• Task statement: The entries that follow contain images, which should be left out; output everything else exactly.

• Data provided:
*****

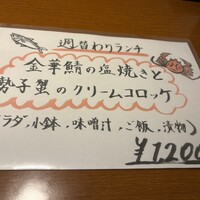 和み酒 仁 - 週替わり定食メニュー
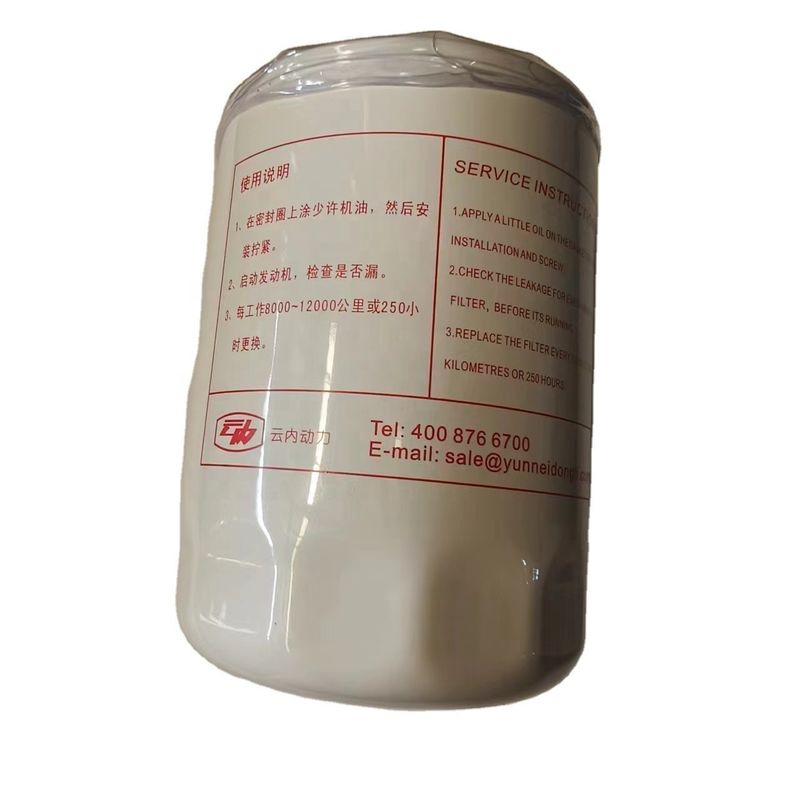 Vervanging/reparatie Doel JAC Sunray Automotive Filter OE nummer X251313 voor D25 onderdelen
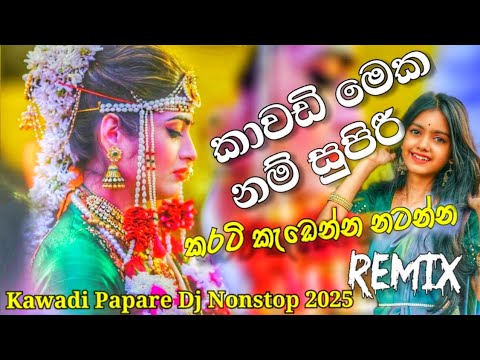 2K25 New Kawadi Papare Nonstop Vol.3(DJ  VIRAJ DULANJANA) #music #coversong #sinhaladj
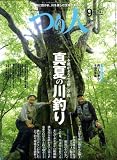 つり人 2008年 09月号 [雑誌]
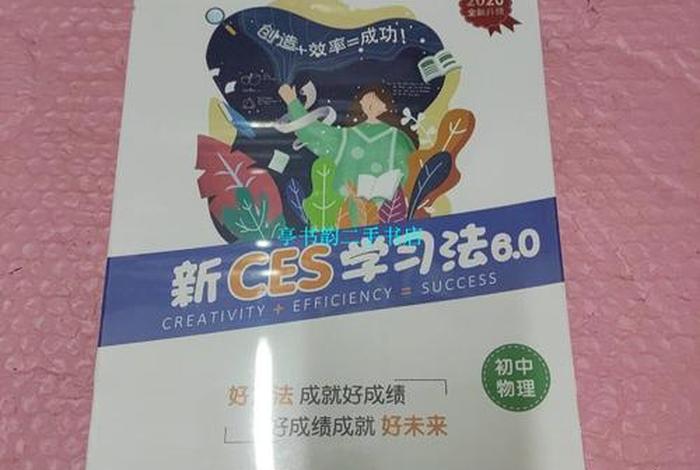 新ces学习法（什么叫新ces学法）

*****

• Result of this task:
 和み酒 仁 - 週替わり定食メニュー
 Vervanging/reparatie Doel JAC Sunray Automotive Filter OE nummer X251313 voor D25 onderdelen
 2K25 New Kawadi Papare Nonstop Vol.3(DJ  VIRAJ DULANJANA) #music #coversong #sinhaladj
 つり人 2008年 09月号 [雑誌]
 新ces学习法（什么叫新ces学法）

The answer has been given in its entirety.